Thanks for your reply.
On 2021/12/29 8:51 pm, Karsten Graul wrote:
On 28/12/2021 16:13, Wen Gu wrote:
We encountered some crashes caused by the race between SMC-R
link access and link clear triggered by link group termination
in abnormal case, like port error.
Without to dig deeper into this, there is already a refcount for links, see smc_wr_tx_link_hold().
In smc_wr_free_link() there are waits for the refcounts to become zero.
Thanks for reminding. we also noticed link->wr_tx_refcnt when trying to fix this issue.
In my humble opinions, link->wr_tx_refcnt is used for fixing the race between the waiters for a
tx work request buffer (mainly LLC/CDC msgs) and the link down processing that finally clears the
link.
But the issue in this patch is about the race between the access to link by the connections
above it (like in listen or connect processing) and the link clear processing that memset the link
as zero and release the resource. So it seems that the two should not share the same reference count?
Why do you need to introduce another refcounting instead of using the existing?
And if you have a good reason, do we still need the existing refcounting with your new
implementation?
Yes, we still need it.
In my humble opinion, link->wr_tx_refcnt can ensure that the CDC/LLC message sends won't wait for
an already cleared link. And LLC messages may be triggered by underlying events like net device
ports add/error.
But this patch's implementation only ensures that the access to link by connections is safe and
smc connections won't get something that already freed during its life cycle, like in listen/connect
processing. It can't cover the link access by LLC messages, which may be triggered by underlying
events.
Maybe its enough to use the existing refcounting in the other functions like smc_llc_flow_initiate()?

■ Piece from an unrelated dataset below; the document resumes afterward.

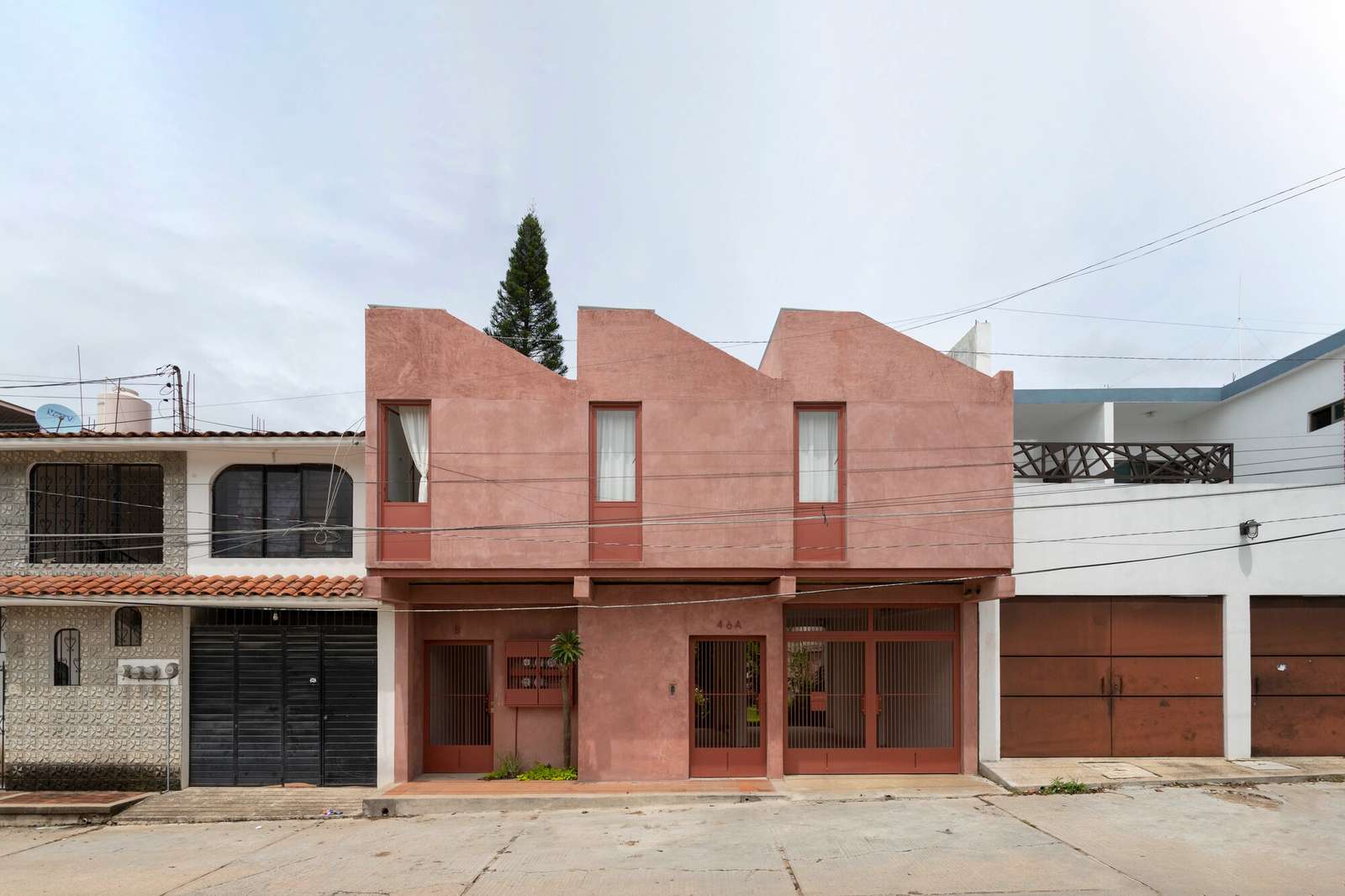 Daytime exterior facade of Estudios 46B project in Ocozocoautla, showing the reddish pigmented lime finish and sawtooth roof design.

Btw: it is interesting what kind of crashes you see, we never met them in our setup.
This kind of crashes and the link group free crashes mentioned in the [1/2] patch can be reproduced
by up/down net device frequently during the testing.
Its great to see you evaluating SMC in a cloud environment!
Thanks! Hope that SMC will be widely used. It is an amazing protocal!
Cheers,
Wen Gu